Goal of the exercise
Return each line exactly as written. Begin with the first line of the entries and end with the line that has "Central Cozy Apartments".
Segment Start: The data
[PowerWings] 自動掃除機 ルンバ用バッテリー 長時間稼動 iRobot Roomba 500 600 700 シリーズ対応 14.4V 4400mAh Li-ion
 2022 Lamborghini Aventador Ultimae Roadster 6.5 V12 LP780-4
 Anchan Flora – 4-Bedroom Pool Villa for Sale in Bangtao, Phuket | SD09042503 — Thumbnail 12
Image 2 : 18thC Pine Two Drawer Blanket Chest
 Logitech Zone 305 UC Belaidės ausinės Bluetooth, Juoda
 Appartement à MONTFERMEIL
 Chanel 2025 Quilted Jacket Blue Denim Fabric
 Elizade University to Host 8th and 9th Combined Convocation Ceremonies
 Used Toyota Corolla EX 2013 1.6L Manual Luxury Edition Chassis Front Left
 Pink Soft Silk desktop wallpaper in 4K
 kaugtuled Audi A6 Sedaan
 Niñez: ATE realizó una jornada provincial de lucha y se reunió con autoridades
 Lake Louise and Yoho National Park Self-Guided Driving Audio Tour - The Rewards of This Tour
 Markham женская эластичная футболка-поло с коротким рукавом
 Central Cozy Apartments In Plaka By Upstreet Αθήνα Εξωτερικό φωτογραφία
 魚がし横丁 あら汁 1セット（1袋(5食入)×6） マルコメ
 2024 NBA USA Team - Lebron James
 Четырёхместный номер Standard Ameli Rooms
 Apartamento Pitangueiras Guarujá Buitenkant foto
Segment End: The data
Response
[PowerWings] 自動掃除機 ルンバ用バッテリー 長時間稼動 iRobot Roomba 500 600 700 シリーズ対応 14.4V 4400mAh Li-ion
 2022 Lamborghini Aventador Ultimae Roadster 6.5 V12 LP780-4
 Anchan Flora – 4-Bedroom Pool Villa for Sale in Bangtao, Phuket | SD09042503 — Thumbnail 12
Image 2 : 18thC Pine Two Drawer Blanket Chest
 Logitech Zone 305 UC Belaidės ausinės Bluetooth, Juoda
 Appartement à MONTFERMEIL
 Chanel 2025 Quilted Jacket Blue Denim Fabric
 Elizade University to Host 8th and 9th Combined Convocation Ceremonies
 Used Toyota Corolla EX 2013 1.6L Manual Luxury Edition Chassis Front Left
 Pink Soft Silk desktop wallpaper in 4K
 kaugtuled Audi A6 Sedaan
 Niñez: ATE realizó una jornada provincial de lucha y se reunió con autoridades
 Lake Louise and Yoho National Park Self-Guided Driving Audio Tour - The Rewards of This Tour
 Markham женская эластичная футболка-поло с коротким рукавом
 Central Cozy Apartments In Plaka By Upstreet Αθήνα Εξωτερικό φωτογραφία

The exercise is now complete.